• INSTRUCTIONS FOR THE TASK:
Somewhere below, one line contains "3斤黑土鸡活苗黑羽小鸡苗脱温土鸡走地鸡黑鸡活苗包邮包活到家" and a later line contains "新婚夜被两个伴郎享用封面". Output those two lines and everything between them exactly, and nothing else.

• PROVIDED RECORDS:
━━━━━━━━

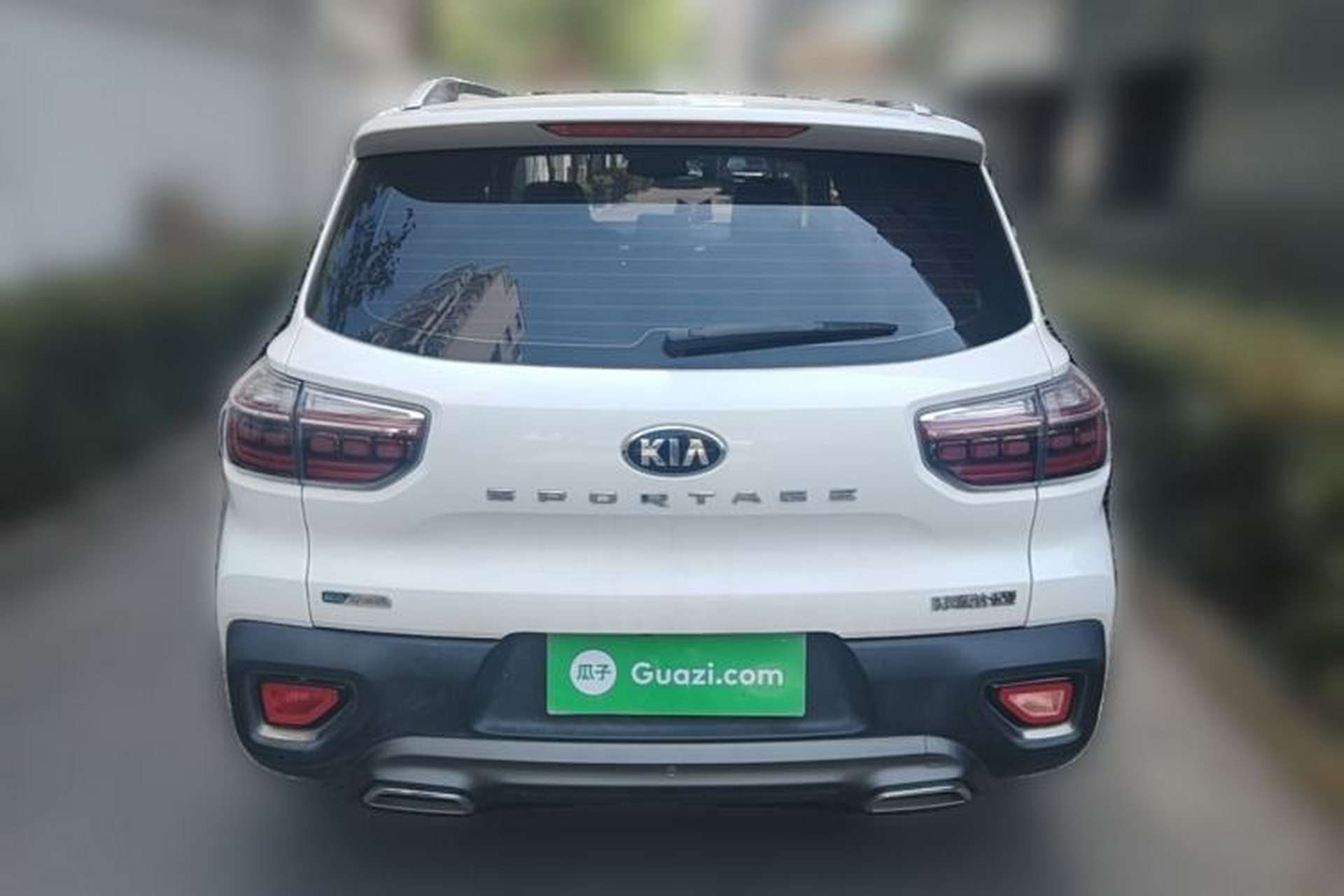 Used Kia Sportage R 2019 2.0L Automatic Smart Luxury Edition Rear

━━━━━━━━

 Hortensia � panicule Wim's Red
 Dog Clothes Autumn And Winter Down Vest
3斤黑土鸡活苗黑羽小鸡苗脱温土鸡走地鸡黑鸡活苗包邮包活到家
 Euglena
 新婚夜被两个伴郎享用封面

━━━━━━━━

• ANSWER SECTION:
3斤黑土鸡活苗黑羽小鸡苗脱温土鸡走地鸡黑鸡活苗包邮包活到家
 Euglena
 新婚夜被两个伴郎享用封面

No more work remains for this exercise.